The Spectator at war: The first battle

28 August 2014

8:30 AM

28 August 2014

8:30 AM

‘News of the Week’ in The Spectator, 29 August 1914:

THERE is cause for manly anxiety, there is cause for stern determination; above all, there is cause for unflagging energy in military preparation; but there is no cause for despair, or even for despondency. If the effort of will is maintained by the nation, and if good sense, courage, and the calmness not of fatalism but of resolution strung to the very last point remain ours, we must win. We say this in no boasting spirit; but because time is with us and against our enemies. Those who fight with the sense that all is lost unless they can win quickly may get a certain superficial advantage from their desperation, but let us never forget that “if Tear-’em is a good dog, Holdfast is a better.” If time is for us, only weakness of purpose, irresolution, and apathy can undo us. Before we summarize the military events of the week we will give our reasons for holding that the situation, both on general and on special grounds, is in no sort of way one for despair, but rather for calmness, even if calmness tempered with the weight of anxious cares. The only men who have a right to be light-hearted are the men at the front, and they appear to be taking full advantage of their privilege.

The accounts of the first phases of the first battle that are now coming in from our wounded and from other sources show that our men not only acquitted themselves with great valour—that was certain—but showed the very greatest efficiency in the arts of war. The marksmanship of the infantry seems to have been specially good, and all the accounts show that the Germans were not able to get near our men. The Germans, though they showed great bravery, do not appear to be handy riflemen, and, to the reversal of all former experience, the greater number of our men seem to have been wounded by artillery fire. It is, of course, generally said in war that, though artillery has a great moral effect, it kills very few people, and that the death work is all done by the rifle bullet.

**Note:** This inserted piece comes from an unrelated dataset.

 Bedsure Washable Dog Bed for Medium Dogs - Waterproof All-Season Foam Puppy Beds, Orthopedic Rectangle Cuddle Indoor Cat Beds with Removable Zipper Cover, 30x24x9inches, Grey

It is not yet known how much the Germans suffered, but we can hardly doubt that their losses were very heavy. Our cavalry were as good as our infantry and our gunners, and there appear to have been cavalry charges quite in the old style. It is, however, not worth while to dwell upon details, as they may be contradicted in the next day or two. It is enough to know that our men fought against greatly superior numbers, that they fought the most trying of all fights—rearguard actions—and that nevertheless, as General French put it, “they fought splendidly,” and wort the unstinted admiration of our allies. In praising our own troops, however, we must not forget that the French fought with equal valour and determination.